Оно переполняло ее горечью сомнения и досады.
Дверь темного полированного дерева стала матовой от постоянного мытья. Посреди находился круглый глазок с золотистой блестящей выпуклой решеточкой. Пол лестничной площадки, тоже деревянный, как, впрочем, и ступеньки, не был натерт воском. Поднимаясь по лестнице, они натолкнулись на женщину, которая мыла ступеньки, разбрасывая по еще влажному дереву сухие опилки, распространявшие свойственный им душистый запах. Лестница была широкой, и перила, тоже деревянные, придавали ей некую строгость, даже парадность. Возможно, кто-нибудь и смог бы назвать этот дом аристократическим, но только не Эсперанса. Тем не менее, очутившись у его порога, она сразу решила: "Это здесь".
Дом Вентуры должен был быть именно таким: либо удаленным от центра города, либо скрытым в самой его глубине, но так, чтобы не оказаться на самой окраине и не затеряться в нем.
Добротным, просторным, настоящим. Что она имела в виду, мысленно назвав его "настоящим"?
Дом Вентуры должен был быть прочным и надежным, как огонь в очаге.
Уже поднимаясь по лестнице, Фройлан обернулся к ней и заметил:
— Хороший дом!
Он был явно удивлен, точно ожидал увидеть нечто гораздо худшее или совсем иное.
Эсперанса пожала плечами. И Фройлану вспомнились слова, которые она сказала ему накануне:
— Твоей жене незачем туда идти, сначала посмотрим сами... Кто знает, в каких трущобах...
Его разбудил телефонный звонок. Он слушал ее спросонок, не понимая как следует, о чем идет речь. Накануне вечером они с Агатой поздно легли спать.

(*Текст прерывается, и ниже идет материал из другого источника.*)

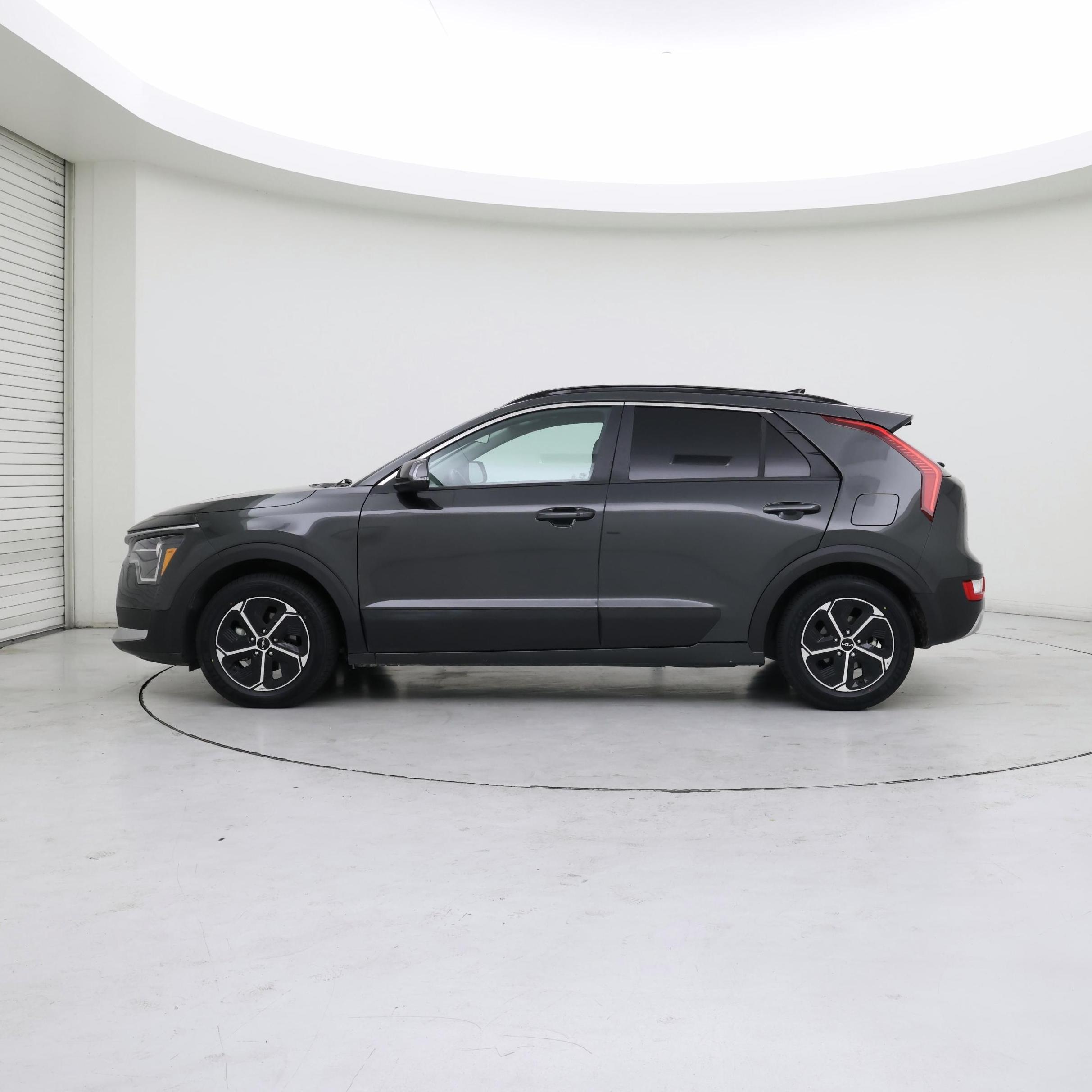 Thumbnail: 2023 Kia Niro - 3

— Умер Вентура... Фройлан сладко зевнул.
— Какой Вентура?
Телефон смолк. И когда Фройлан, немного придя в себя от сна, произнес: "Ах, да!" — до него донесся нетерпеливый, раздраженный голос тещи:
— Мой муж... Отец твоей жены.
— Да, да, конечно!
Он разговаривал слегка приподнявшись в постели, прижимая трубку к губам и очень тихо:
— Как это случилось?
— Мне только что сообщили... Ты меня слушаешь или нет?
Она явно сердилась.
— Но ты меня разбудила... Я еще...
— Умер Вентура, — перебила она, — мне только что сообщили об этом по телефону. .
— Кто?
— Откуда я знаю? Наверное, эта... особа... Фройлан посочувствовал ей:
— Какая неприятность!
— Что будем делать?
Интересно, чего ждала от него теща? Хорошенькая ситуация сложилась.

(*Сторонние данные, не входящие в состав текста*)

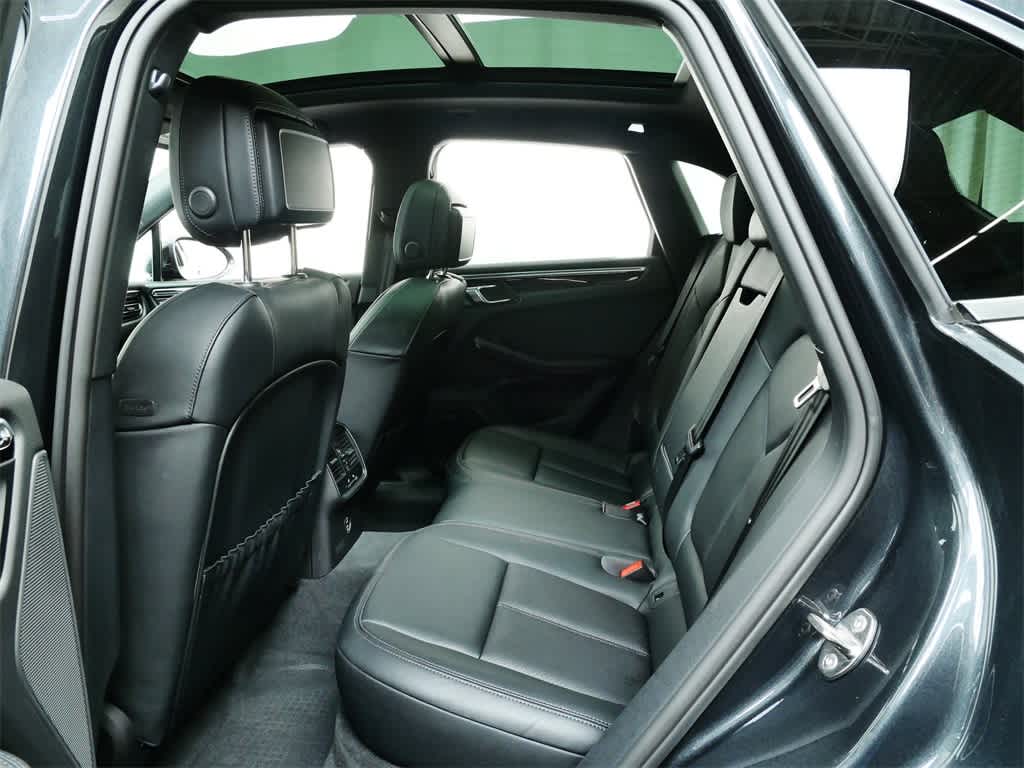 Thumbnail: 2025 Porsche Macan - 13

— Решай сама. Ты ведь знаешь, я для тебя все сделаю...
— Да, знаю. Спасибо... По-моему, мне надо туда пойти...
— Ты так считаешь? А может быть, не стоит. .
— Это мой долг. В конце концов, он был моим мужем. К тому же меня поставили в известность...
— Ты просто бесподобна, Эсперанса...
Наконец она услышала от него то, к чему клонила:
— ...Если хочешь, я пойду с тобой. Только разбужу Агату.
— Нет, нет. Агату оставь в покое. Она еще успеет, у нее будет достаточно времени.
Сначала посмотрим, подходящее ли там для нее место.
Фройлан недовольно усмехнулся и возразил:
— Он ведь был ее отцом.
Телефон опять замолчал. Затем до него донести женский голос:
— Итак, договорились. Сначала пойдем туда вдвоем: ты и я. Агате — ни слова.
Перед уходом Фройлан приоткрыл дверь в комнату жены. Там все было как обычно, царил полный покой. В воздухе стоял густой запах роз. Фройлан вошел, почти на ощупь снял с комода вазу и вынес ее в коридор.
"Дурацкая привычка держать ночью цветы в комнате! Блажь, да и только!"
Затем приблизился к постели жены. "Спит. Ее отец умер, пока она спала. В конце концов, ведь он был ее отцом..."
Фройлан ласково погладил жену по теплой руке.
— Любимая...
Агата зашевелилась во сне, пробормотала: "Пока!" — повернулась лицом к стене и зарылась головой в подушку.
Фройлан на цыпочках покинул комнату и, прихватив шляпу, уже хотел было уйти, но вдруг остановился, словно забыл что-то взять или сделать.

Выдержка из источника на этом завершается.